Die Teile des Leitfadens greifen Informationen aus verschiedenen Leitfäden und Handbüchern der ECHA auf, die zum Teil nur in Englisch vorliegen. Dabei wurde darauf geachtet, nur die Informationen in verständlicher Art und Weise zusammenzufassen, die für die Registrierung der von der Registrierungspflicht betroffenen Chemikalien von Belang sind.

Der Schwerpunkt des jetzt vorliegenden Leitfadens Teil A liegt auf den praktischen Anforderungen für die Erstellung eines Dossiers, und hier insbesondere auf den Vorarbeiten. Wie erfolgt beispielsweise eine Anmeldung in REACH-IT? Wie muss ein Stoff unter REACH identifiziert werden? Wie hängen die Vorarbeiten mit der Erstellung des Dossiers in IUCLID zusammen? Der Leitfaden befasst sich nicht mit grundsätzlichen Fragen und Aussagen zum europäischen Chemikalienrecht REACH. Betroffene Unternehmen sollten sich darüber bereits im Vorfeld informieren.

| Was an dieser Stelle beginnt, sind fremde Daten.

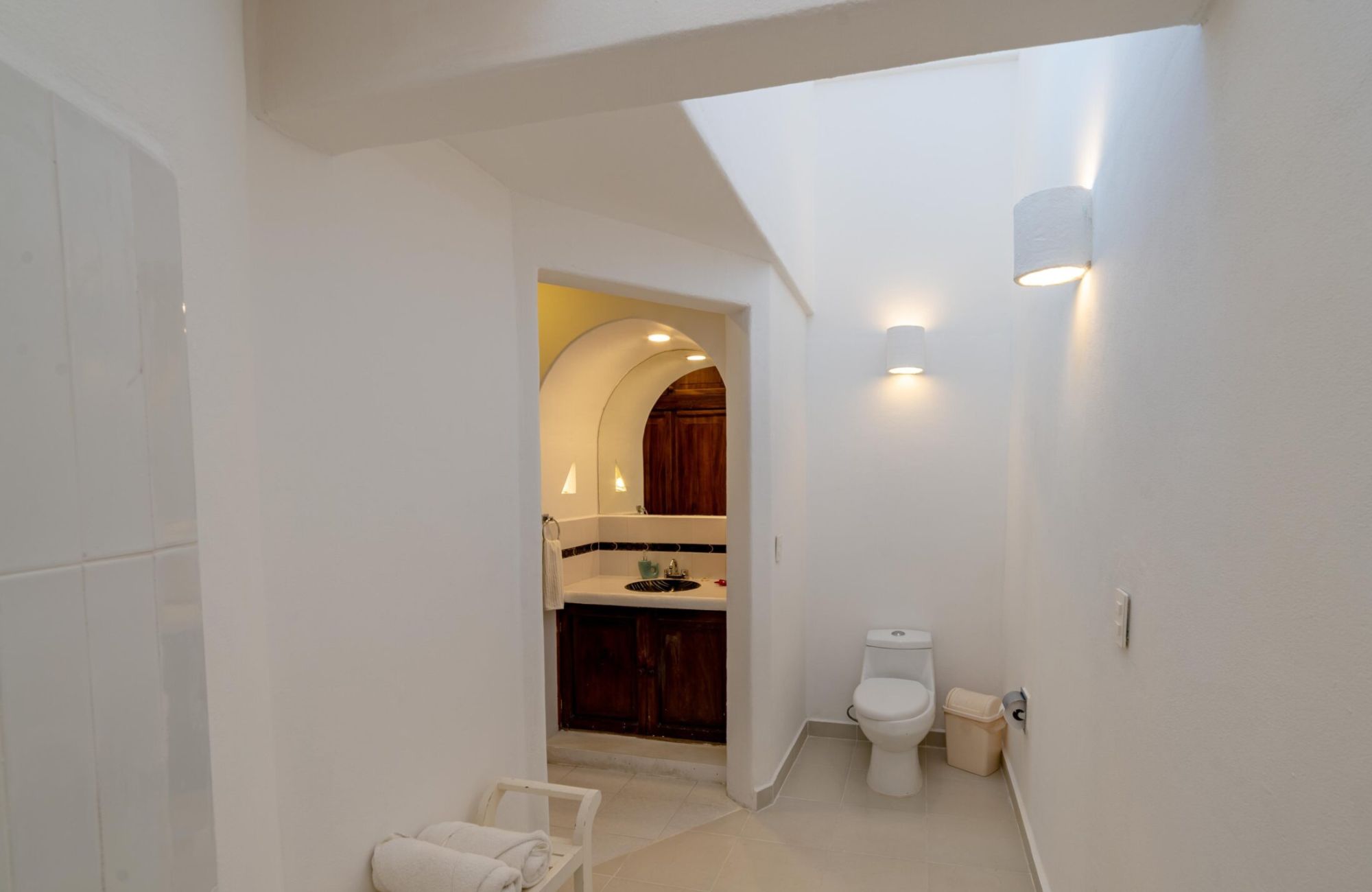 Casa con alberca, terraza, doble altura, sala de tv, en venta Sector O, Huatulco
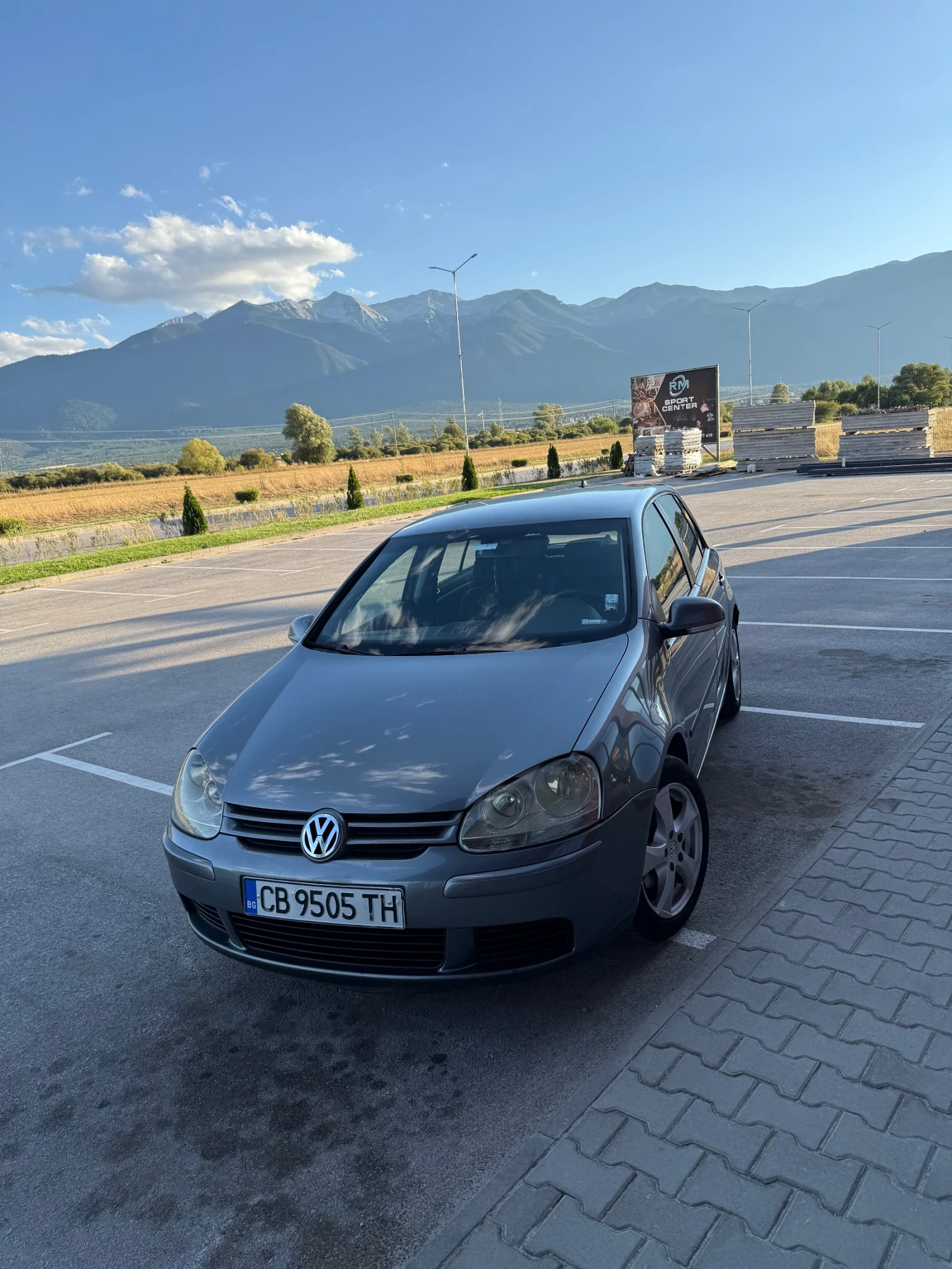 VW Golf 1.9 - изображение 8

Den Registrierungsleitfaden Teil A gibt es im PDF-Format zum Herunterladen unter www.baua.de/de/Publikationen/Fachbeitraege/REACH-A.html.

Forschung für Arbeit und Gesundheit

Sichere und gesunde Arbeitsbedingungen stehen für sozialen Fortschritt und eine wettbewerbsfähige Wirtschaft. Die Bundesanstalt für Arbeitsschutz und Arbeitsmedizin (BAuA) forscht und entwickelt im Themenfeld Sicherheit und Gesundheit bei der Arbeit, fördert den Wissenstransfer in die Praxis, berät die Politik und erfüllt hoheitliche Aufgaben - im Gefahrstoffrecht, bei der Produktsicherheit und mit dem Gesundheitsdatenarchiv. Die BAuA ist eine Ressortforschungseinrichtung im Geschäftsbereich des Bundesministeriums für Arbeit und Soziales. Über 650 Beschäftigte arbeiten an den Standorten in Dortmund, Berlin und Dresden sowie in der Außenstelle Chemnitz.